Joint Standing Committee on Foreign Affairs, Defence
South America has emerged as a region of considerable economic significance. Most South American countries introduced market-oriented reforms and began reducing tariff levels during the 1990s. This reform process has led to improved levels of economic growth and with it has come an array of business opportunities.
Traditionally Australia has looked to the north for export markets and has given very little consideration to looking eastward. The development of the economies of South America means there is great scope for Australia and South America to expand their trade and investment partnership.
The first focus on South America as a region of considerable potential for Australia came with a report to the Federal Parliament by the Senate Standing Committee on Foreign Affairs, Defence and Trade in 1992. In the intervening eight years, while Australia's trade and investment relationship has grown with South America, it has not been a high priority.
The Hon Tim Fischer, MP, in his capacity as Minister for Trade, profiled the importance of South America and the business opportunities available there for Australian exporters. In his reference to the Joint Committee he noted the success of Australian exporters and their contribution to Australia's strong economic performance, and was particularly interested in the opportunities that South America represents for Australian exporters in the longer term.
In the first Trade Outcomes and Objectives Statement, tabled in 1997 (TOOS'97), the Government identified Chile and the Mercosur1 countries as important emerging markets for Australia. This importance continues today in spite of some difficult world economic conditions such as the Asian and Russian economic crises in 1997-1998 and Brazil's financial difficulties in 19981999.

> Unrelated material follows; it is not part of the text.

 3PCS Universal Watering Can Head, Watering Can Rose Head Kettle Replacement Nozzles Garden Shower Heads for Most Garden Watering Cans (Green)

Peru has been identified, in TOOS 2000, as another emerging South American market that has considerable potential for Australian exporters in the medium term.

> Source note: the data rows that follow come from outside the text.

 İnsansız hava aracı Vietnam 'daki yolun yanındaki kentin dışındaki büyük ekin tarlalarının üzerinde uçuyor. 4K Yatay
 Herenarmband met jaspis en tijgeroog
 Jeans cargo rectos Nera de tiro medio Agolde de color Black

The development of direct air links between South America and Australia in November 1998 has provided both the means and the catalyst for developing and improving the business linkages.
Time is of the essence. Eight years have passed since the bell was rung in relation to South America, and Australia's competitors, including New Zealand, are well and truly in the market making money. There is little time left for Australian business to gain valuable market access.
The Committee calls on Australian business to look at this dynamic and developing market and on the Government to increase its commitment to work with business to best position Australia to take full advantage of the opportunities in the region.
Hon G D Prosser, MP
Chairman, Trade Sub-Committee
1. Common Market of the Southern Cone comprising Argentina, Brazil, Paraguay and Uruguay. Bolivia and Chile are associate members.